[SOURCE MATERIAL]:
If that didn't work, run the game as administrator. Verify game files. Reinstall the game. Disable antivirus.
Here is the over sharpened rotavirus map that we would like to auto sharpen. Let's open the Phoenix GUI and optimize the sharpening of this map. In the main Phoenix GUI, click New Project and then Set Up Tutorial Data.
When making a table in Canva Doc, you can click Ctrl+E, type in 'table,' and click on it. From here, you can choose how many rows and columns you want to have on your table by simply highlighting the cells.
...
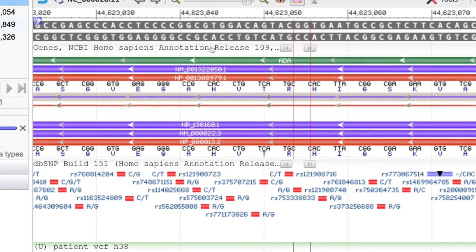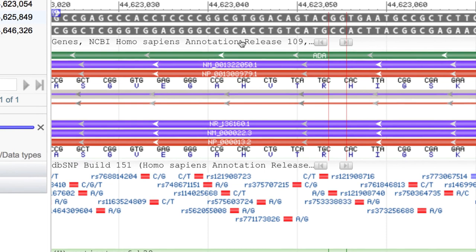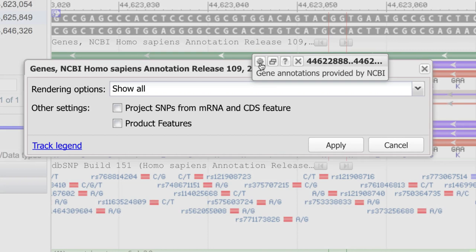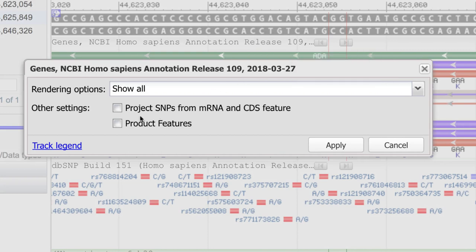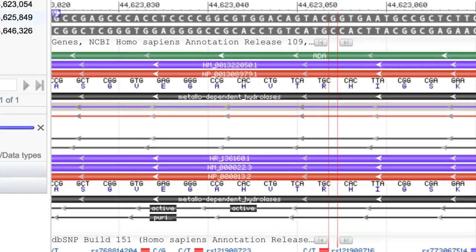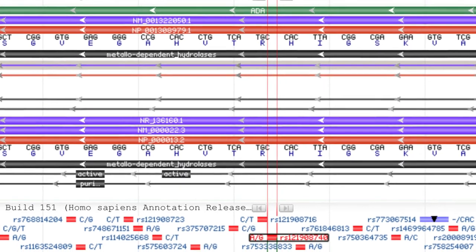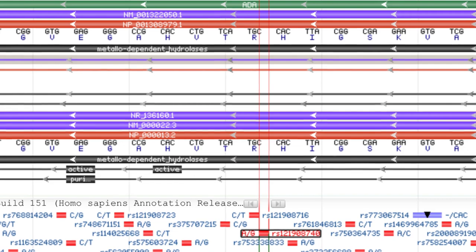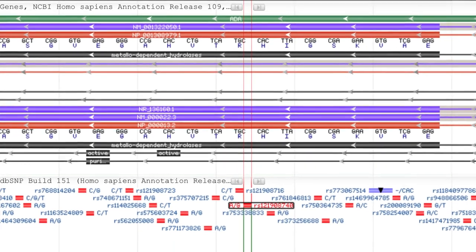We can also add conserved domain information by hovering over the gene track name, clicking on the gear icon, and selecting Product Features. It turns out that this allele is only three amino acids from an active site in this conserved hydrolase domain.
--
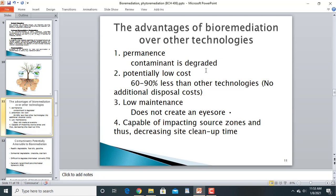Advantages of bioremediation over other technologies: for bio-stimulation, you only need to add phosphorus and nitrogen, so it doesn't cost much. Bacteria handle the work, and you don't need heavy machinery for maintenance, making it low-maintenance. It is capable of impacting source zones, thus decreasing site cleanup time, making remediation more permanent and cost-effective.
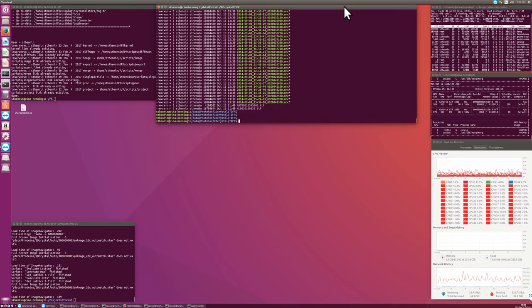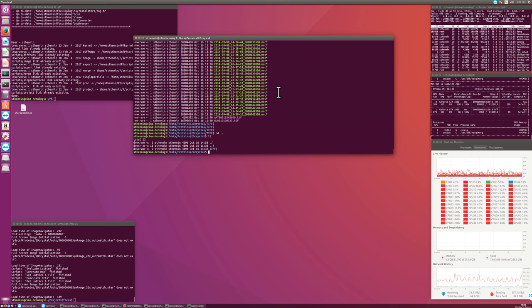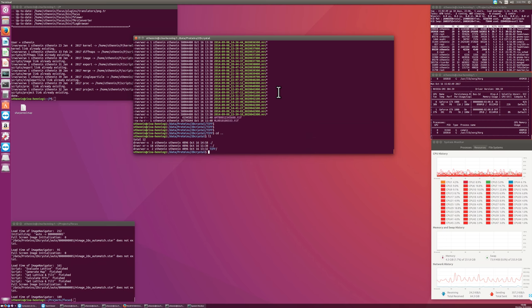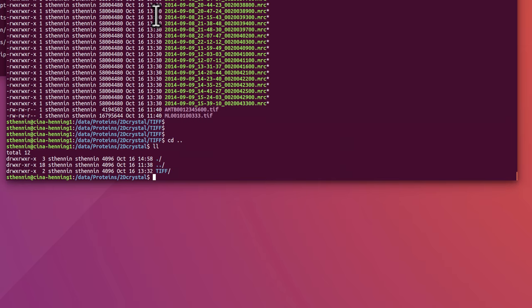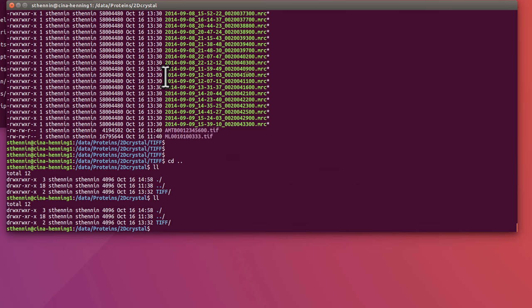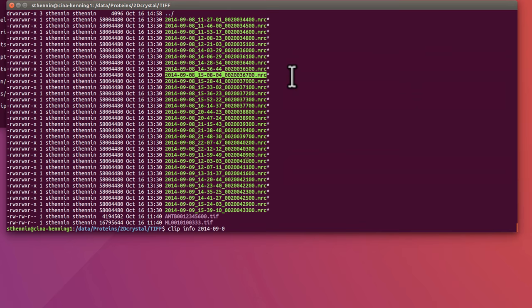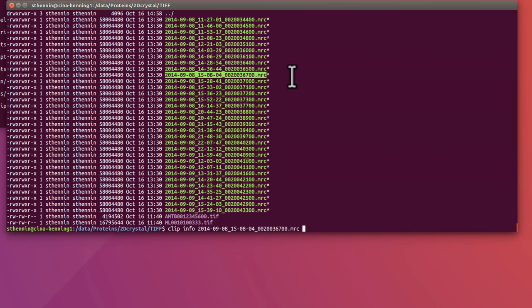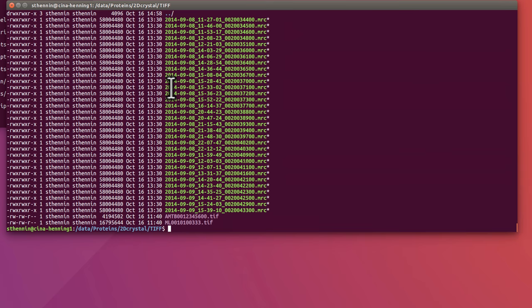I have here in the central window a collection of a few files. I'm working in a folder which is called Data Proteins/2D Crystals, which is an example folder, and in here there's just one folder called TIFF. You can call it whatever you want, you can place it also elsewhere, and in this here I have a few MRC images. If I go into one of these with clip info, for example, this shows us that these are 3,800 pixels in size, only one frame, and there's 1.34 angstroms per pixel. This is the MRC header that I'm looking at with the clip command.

[WHAT YOU ARE ASKED TO DO]: Set down again, word for word, the stretch of records from the line with "If that didn't" to the line with "Here is the", both of those lines included.

[RESULT FOR THIS TASK]:
If that didn't work, run the game as administrator. Verify game files. Reinstall the game. Disable antivirus.
Here is the over sharpened rotavirus map that we would like to auto sharpen. Let's open the Phoenix GUI and optimize the sharpening of this map. In the main Phoenix GUI, click New Project and then Set Up Tutorial Data.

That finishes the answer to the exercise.